## Information shown
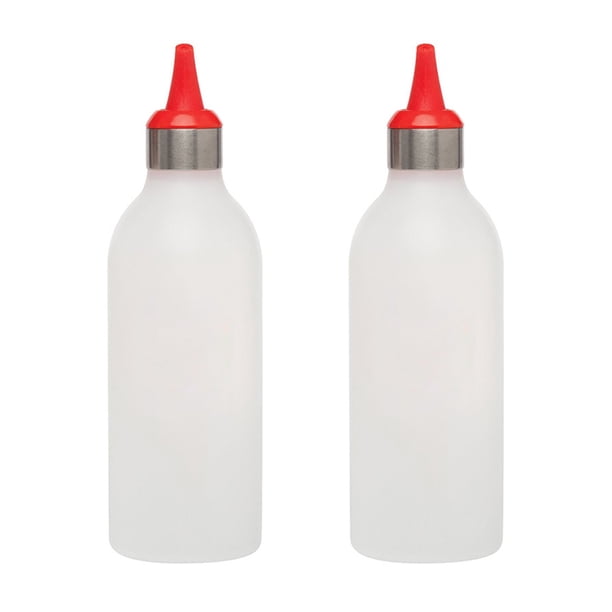 2 unids 450 ML Cocina Plástico Exprimidor Dispensador de Condimentos Botella Con Decorador Tip Hole Cover Salsa Vinagre de Aceite Botella de Mermelada de Ketchup (Rojo)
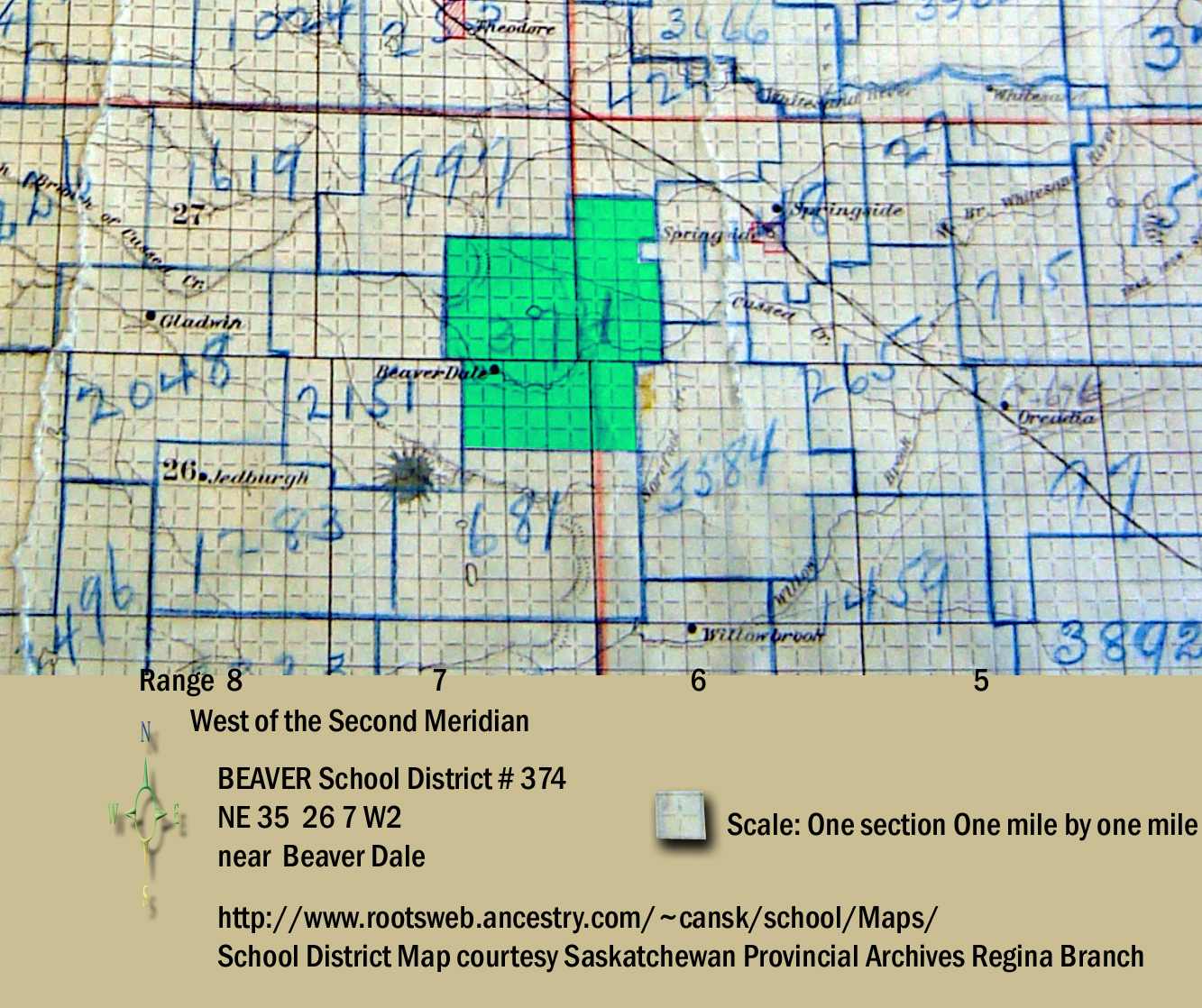 BEAVER School District 374 map, North East quarter of section 35 township 26 range 7 west of the second meridian , near Rock Dell, and Beaver Dale,   SASKATCHEWAN, CANADA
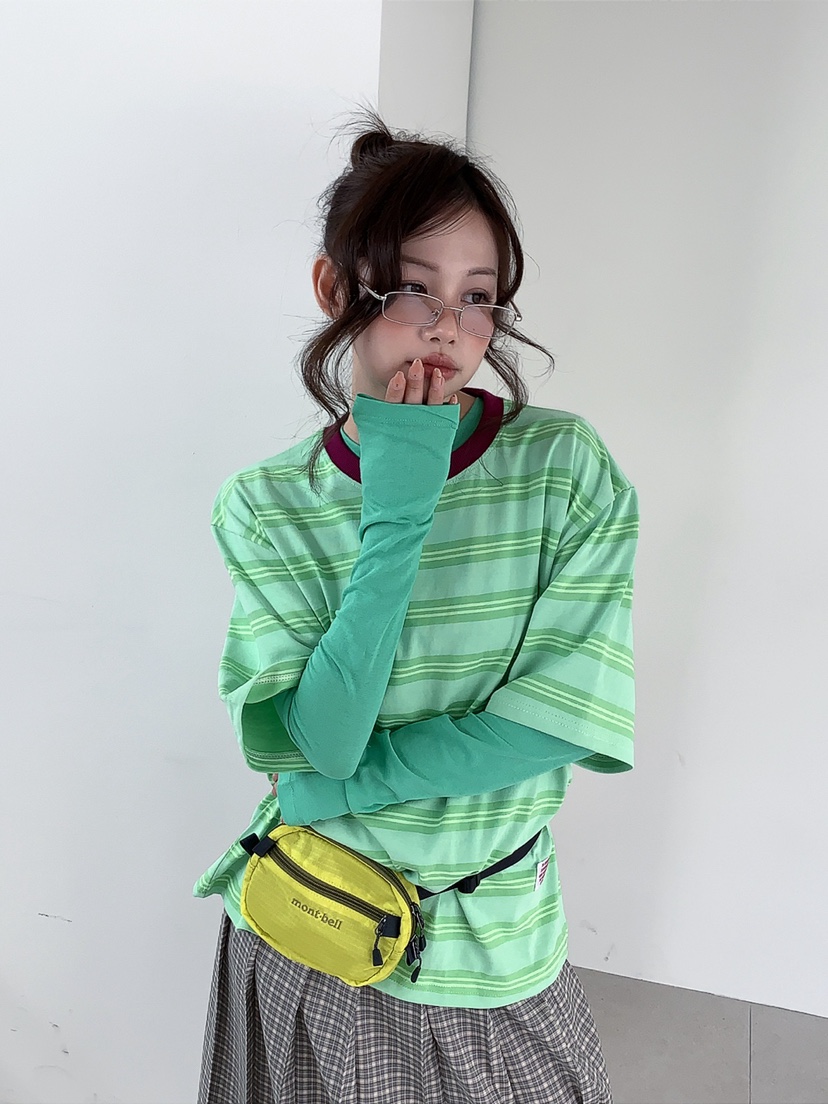 JKICHI韓國直郵實拍女裝新款時尚人氣26春夏T恤不含內搭條紋JKICHIT恤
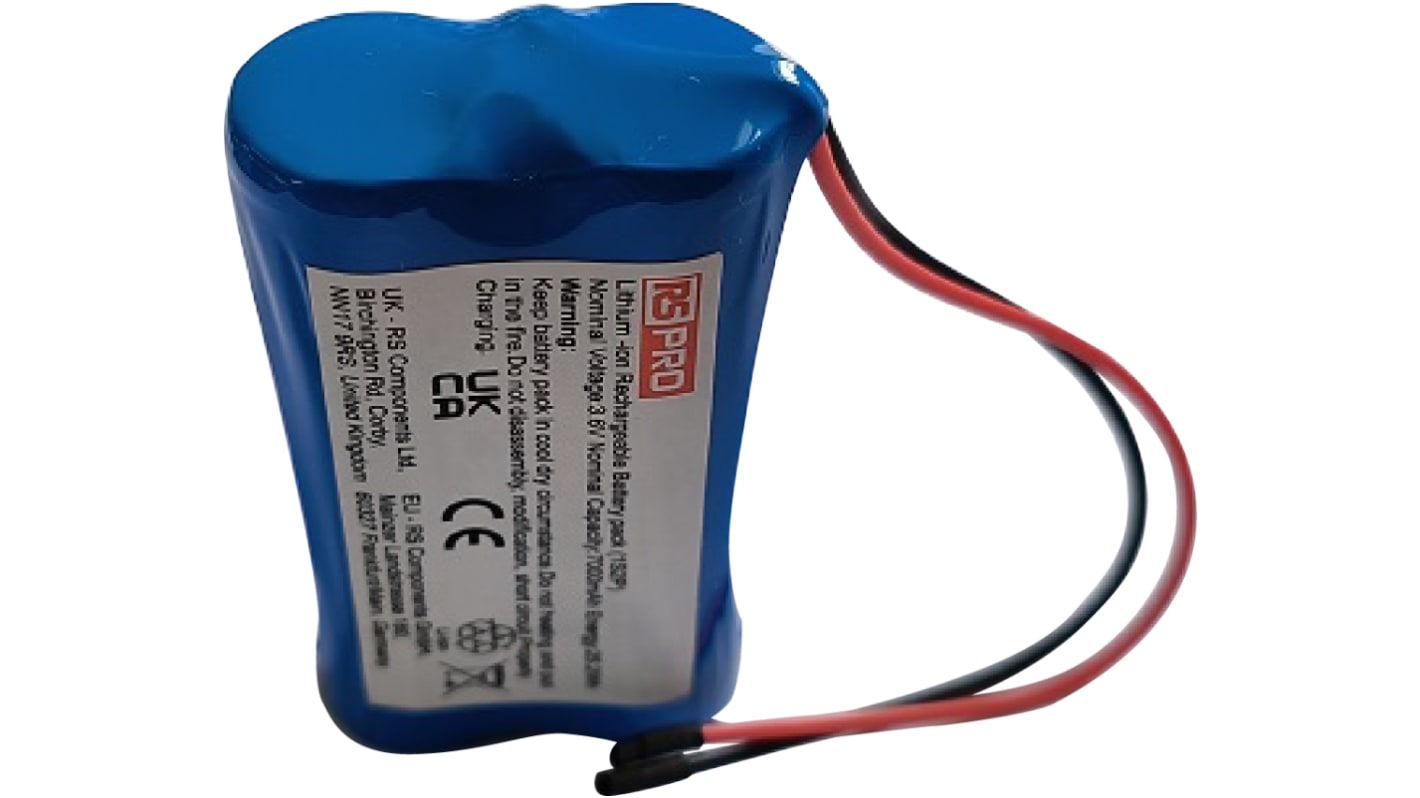 Pacco batterie ricaricabile RS PRO, formato 68 x 37 x 19 mm, 2 celle, 3.6V, 7Ah, Ioni di litio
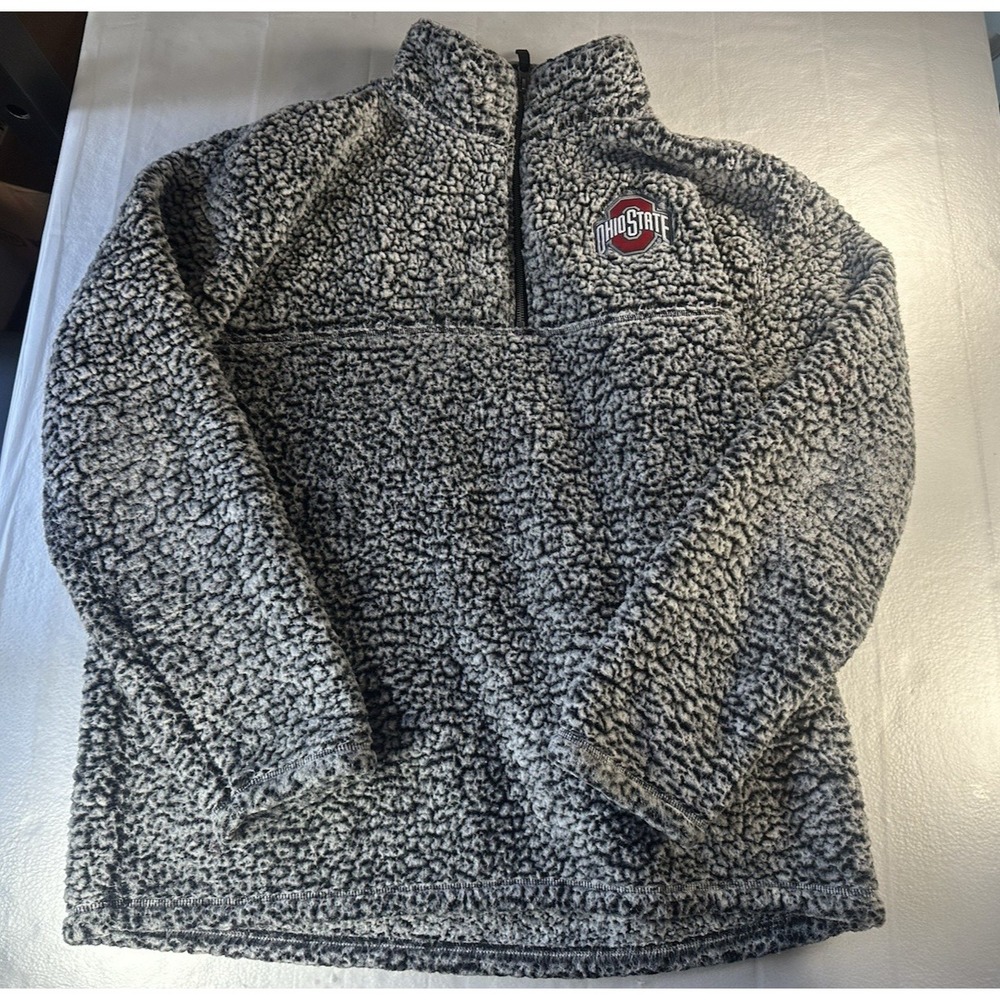 Ohio State Buckeyes Sherpa Fleece Quarter Zip Pullover Gray Adult XL NCAA Jacket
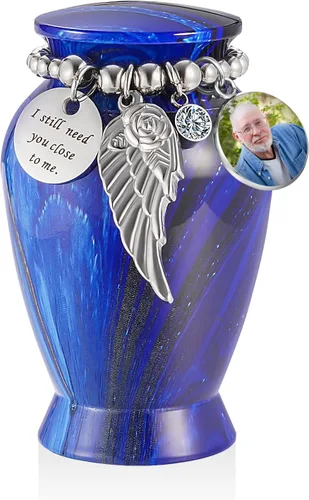 Vista 18 de Dletay Urnas pequeñas personalizadas para cenizas humanas, recuerdo de 2.85 pulgadas, mini urna de cremación conmemorativa para mujeres y hombres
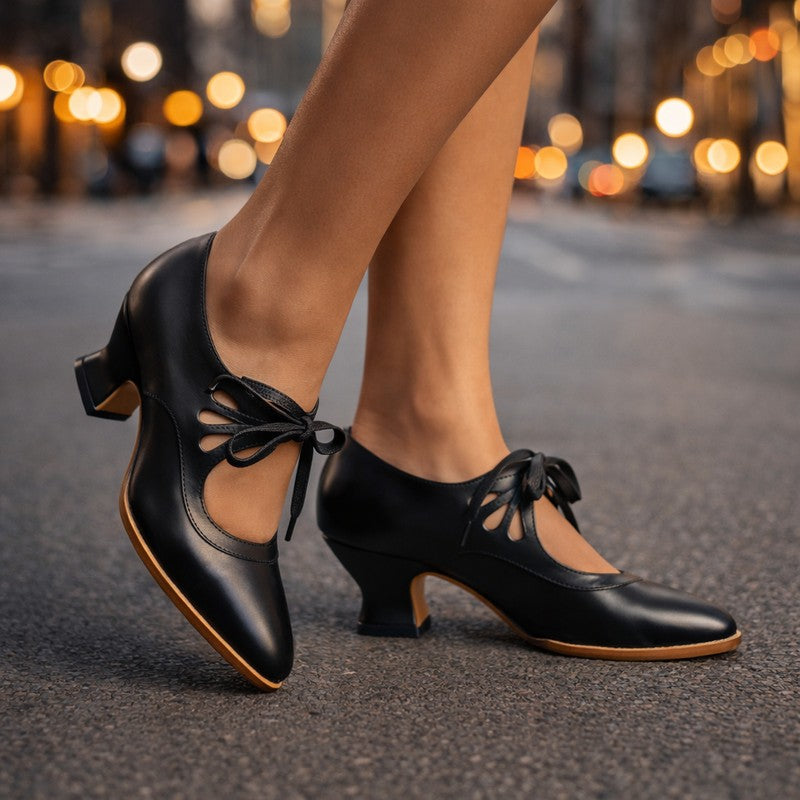 Women's -Up Heeled Shoe - Almond Toe Vintage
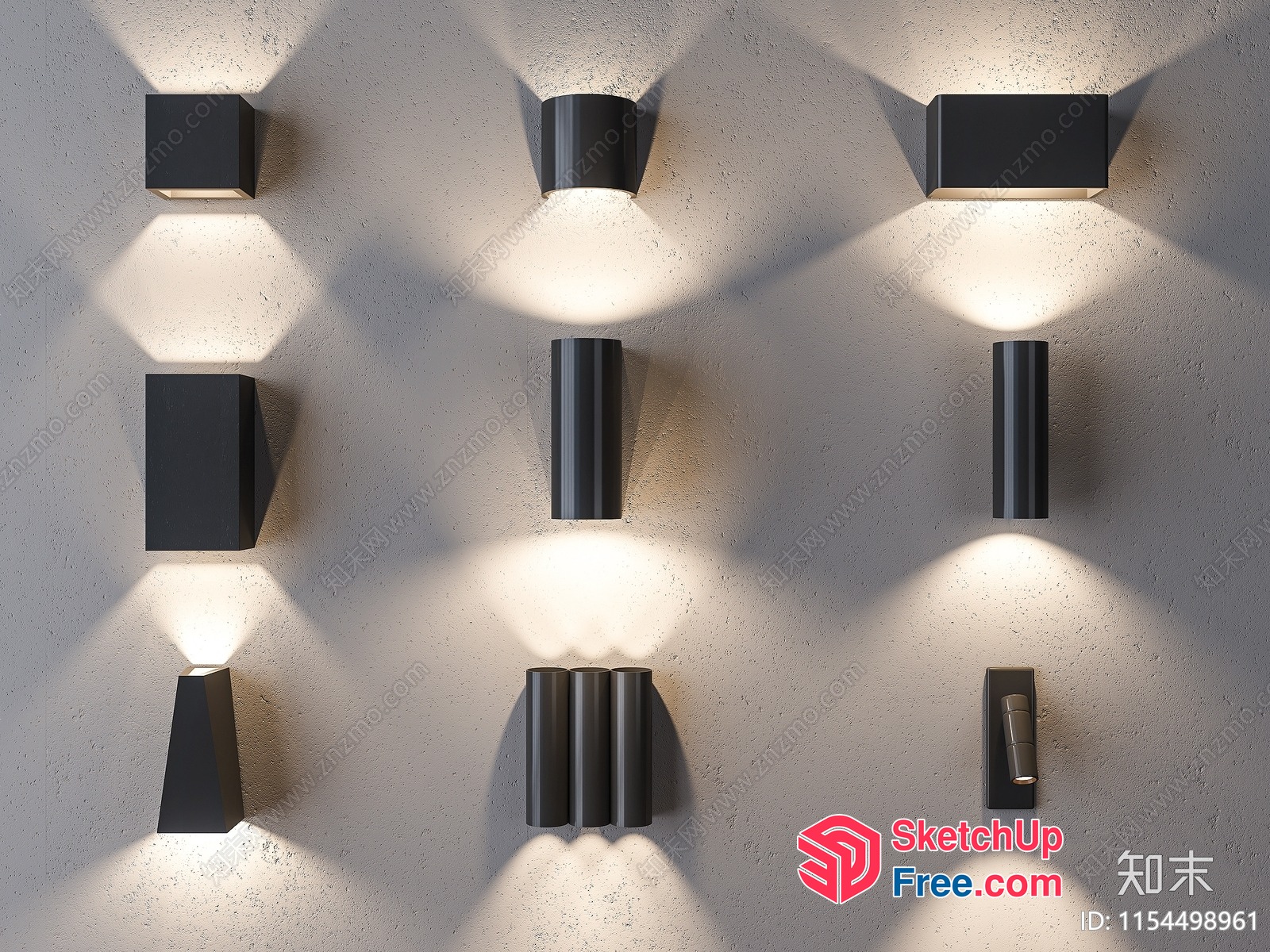 Modern Black And White Wall Sconces 3D SketchUp File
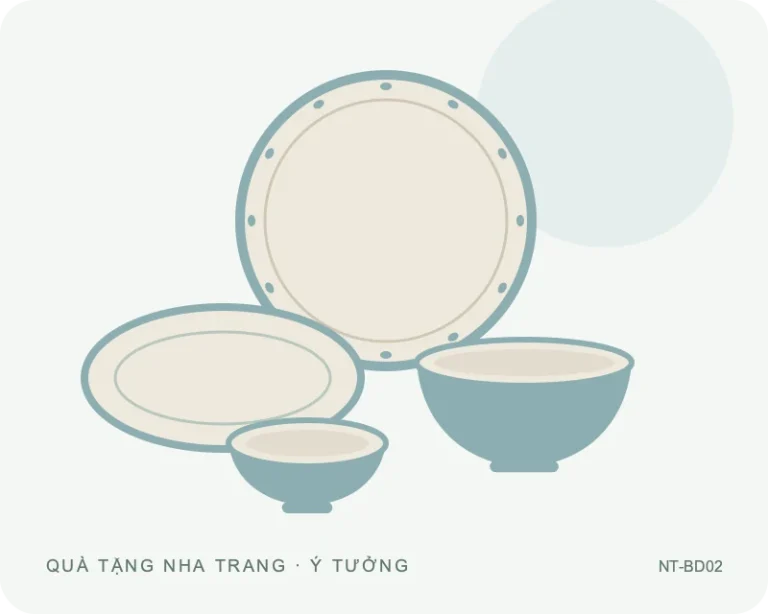 Bộ bát đĩa tiếp khách — minh họa mẫu quà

## Task to carry out
Quote the records in their entirety, keeping the wording exact and excluding pictures.

## Reply to the task
 2 unids 450 ML Cocina Plástico Exprimidor Dispensador de Condimentos Botella Con Decorador Tip Hole Cover Salsa Vinagre de Aceite Botella de Mermelada de Ketchup (Rojo)
 BEAVER School District 374 map, North East quarter of section 35 township 26 range 7 west of the second meridian , near Rock Dell, and Beaver Dale,   SASKATCHEWAN, CANADA
 JKICHI韓國直郵實拍女裝新款時尚人氣26春夏T恤不含內搭條紋JKICHIT恤
 Pacco batterie ricaricabile RS PRO, formato 68 x 37 x 19 mm, 2 celle, 3.6V, 7Ah, Ioni di litio
 Ohio State Buckeyes Sherpa Fleece Quarter Zip Pullover Gray Adult XL NCAA Jacket
 Vista 18 de Dletay Urnas pequeñas personalizadas para cenizas humanas, recuerdo de 2.85 pulgadas, mini urna de cremación conmemorativa para mujeres y hombres
 Women's -Up Heeled Shoe - Almond Toe Vintage
 Modern Black And White Wall Sconces 3D SketchUp File
 Bộ bát đĩa tiếp khách — minh họa mẫu quà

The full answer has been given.